▶ **What to work on**
Exactly as they stand, repeat the lines from the one containing "2001 Rose Pointe, Athens, TX 75752" through the final line of the listing, both ends included, and nothing else; skip the pictures.
=== Section Start ===
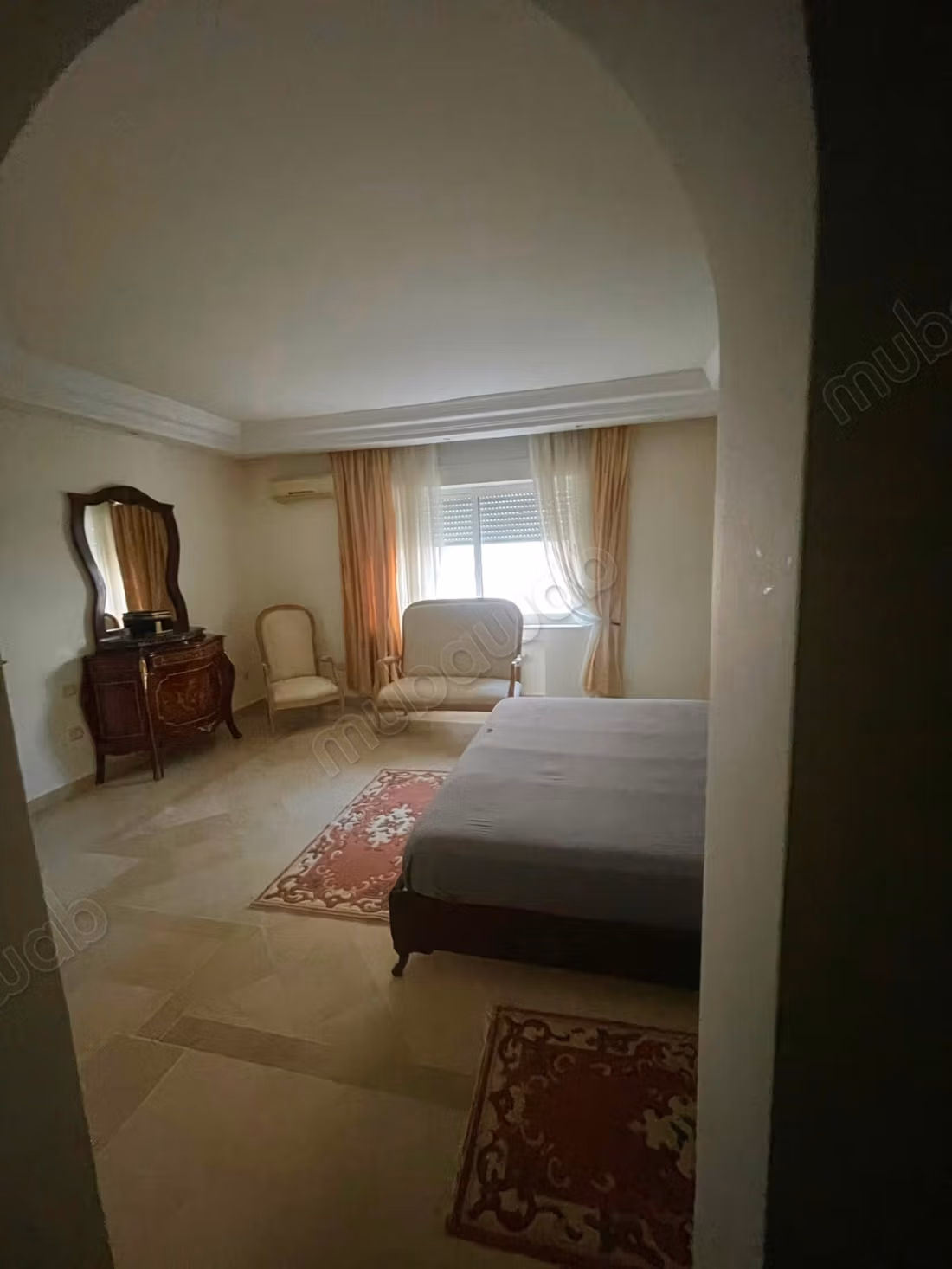 للايجار، طابق فيلا س3 مفروشة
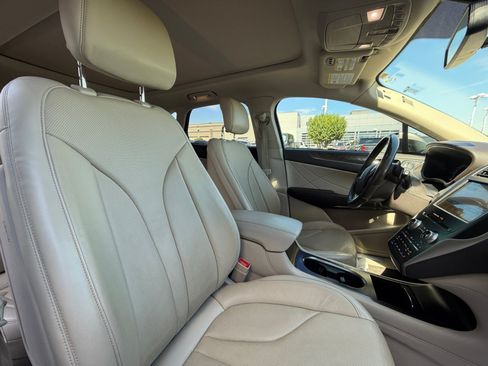 Used 2019 Lincoln MKC Reserve FWD image 19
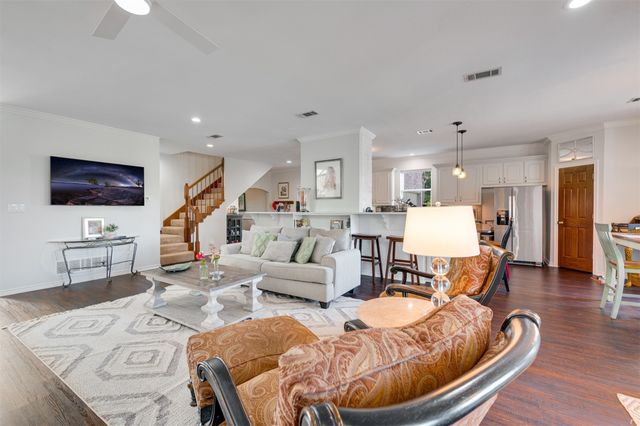 2001 Rose Pointe, Athens, TX 75752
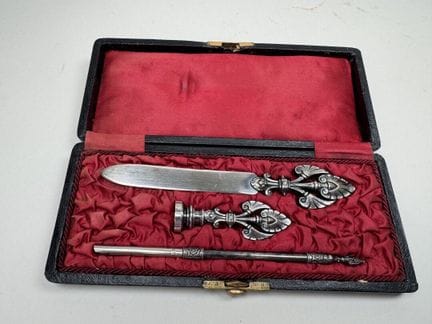 Schreibtischset aus ziseliertem Metall, bestehend 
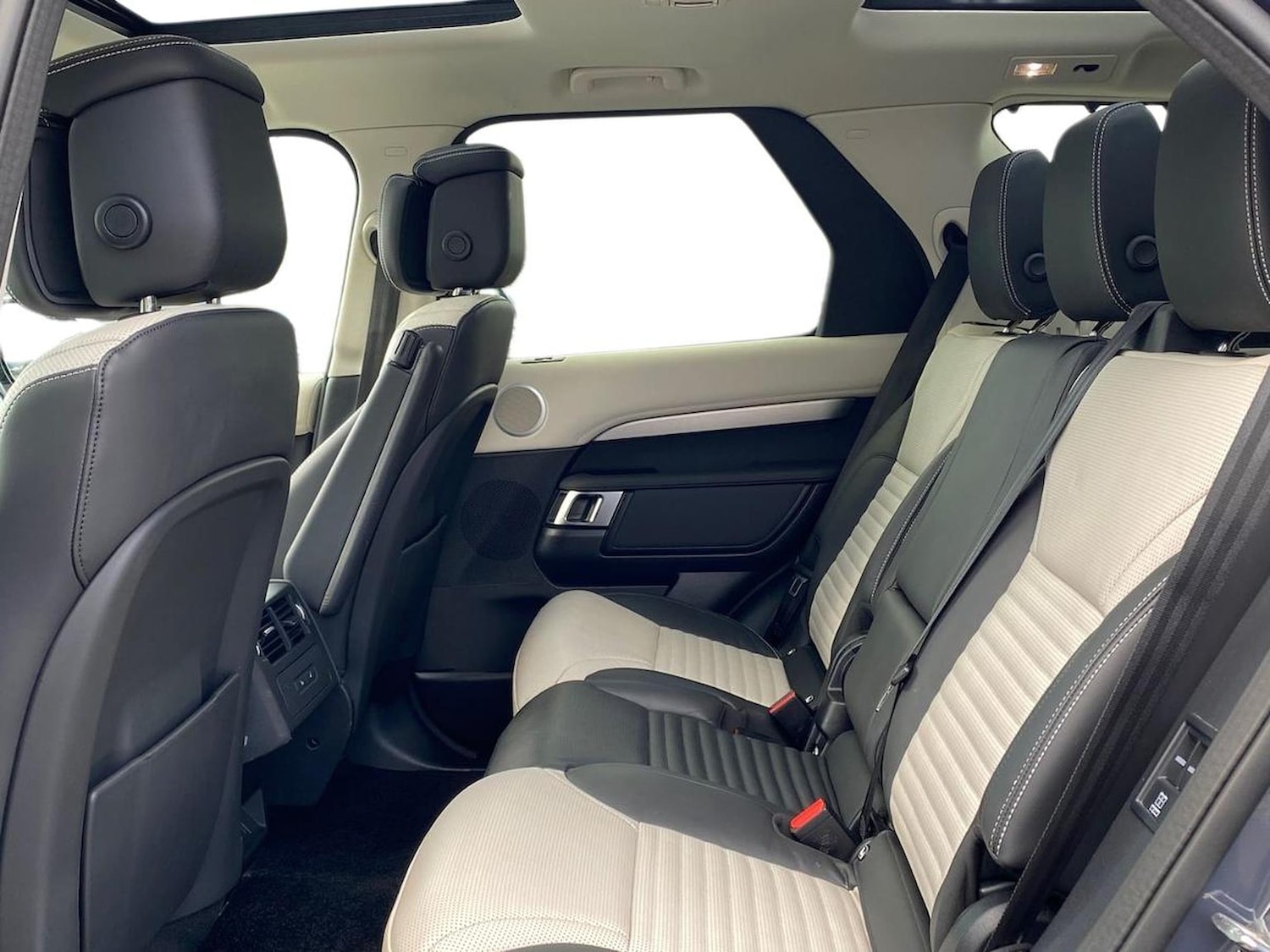 Used Land Rover Discovery 2024 for sale - 78193442: Photo 6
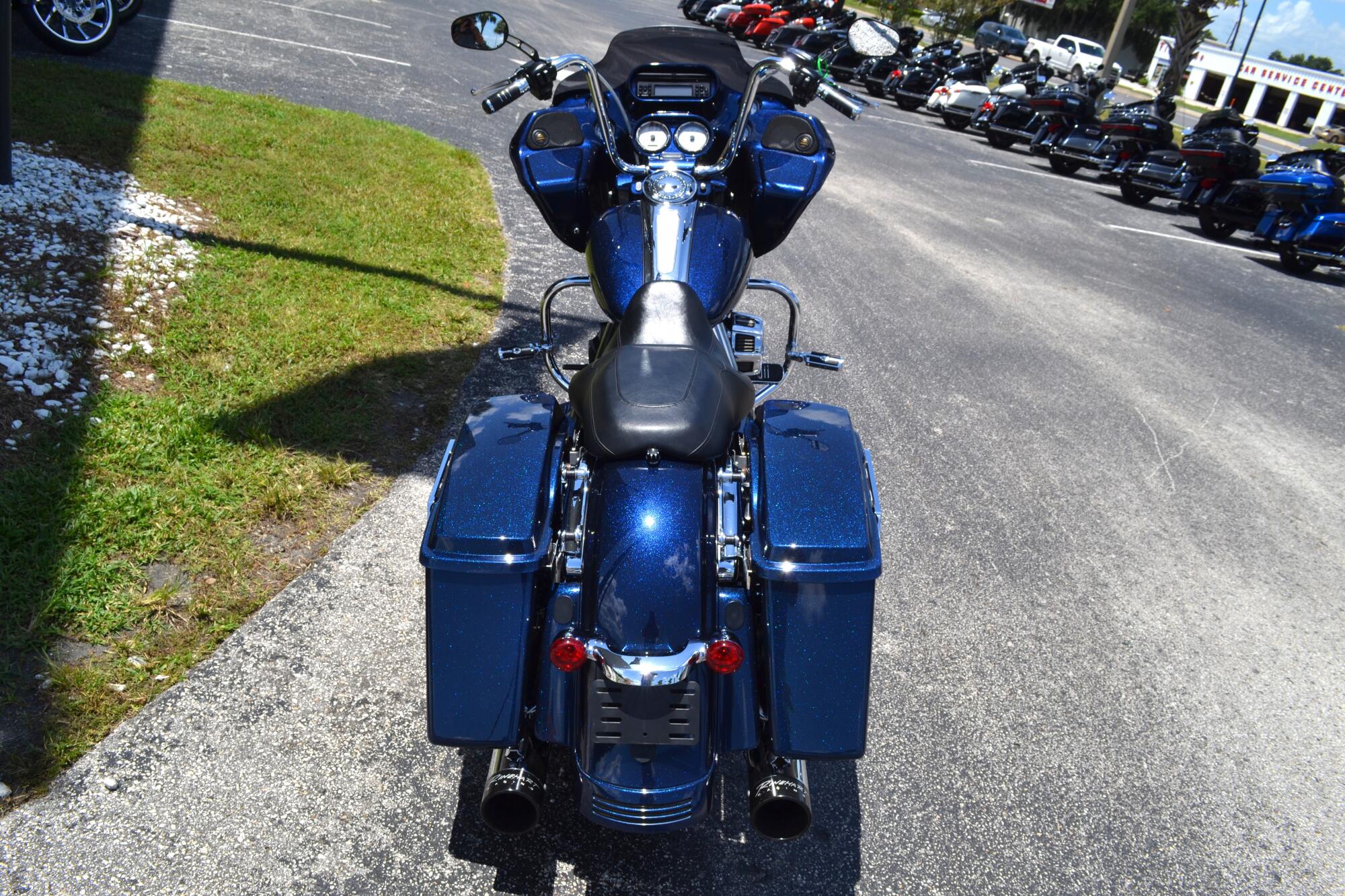 2013 Harley-Davidson® Road Glide® Custom - FLTRX103, photo 8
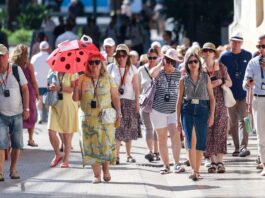 El turismo augura otro verano de récord pese a la caída de la ocupación hotelera por la subida de precios | Economía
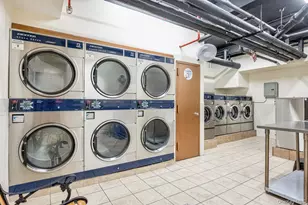 67-50 Thornton Pl, Forest Hills, NY 11375 - Photo 17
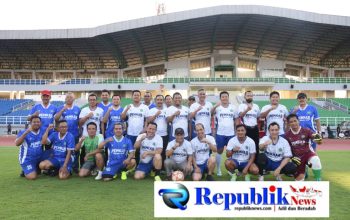 Perkuat Sinergi Eksekutif-Legislatif, Bupati Sidoarjo Ajak Anggota Dewan Main Bola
=== Section End ===
▶ **Written reply**
 2001 Rose Pointe, Athens, TX 75752
 Schreibtischset aus ziseliertem Metall, bestehend 
 Used Land Rover Discovery 2024 for sale - 78193442: Photo 6
 2013 Harley-Davidson® Road Glide® Custom - FLTRX103, photo 8
 El turismo augura otro verano de récord pese a la caída de la ocupación hotelera por la subida de precios | Economía
 67-50 Thornton Pl, Forest Hills, NY 11375 - Photo 17
 Perkuat Sinergi Eksekutif-Legislatif, Bupati Sidoarjo Ajak Anggota Dewan Main Bola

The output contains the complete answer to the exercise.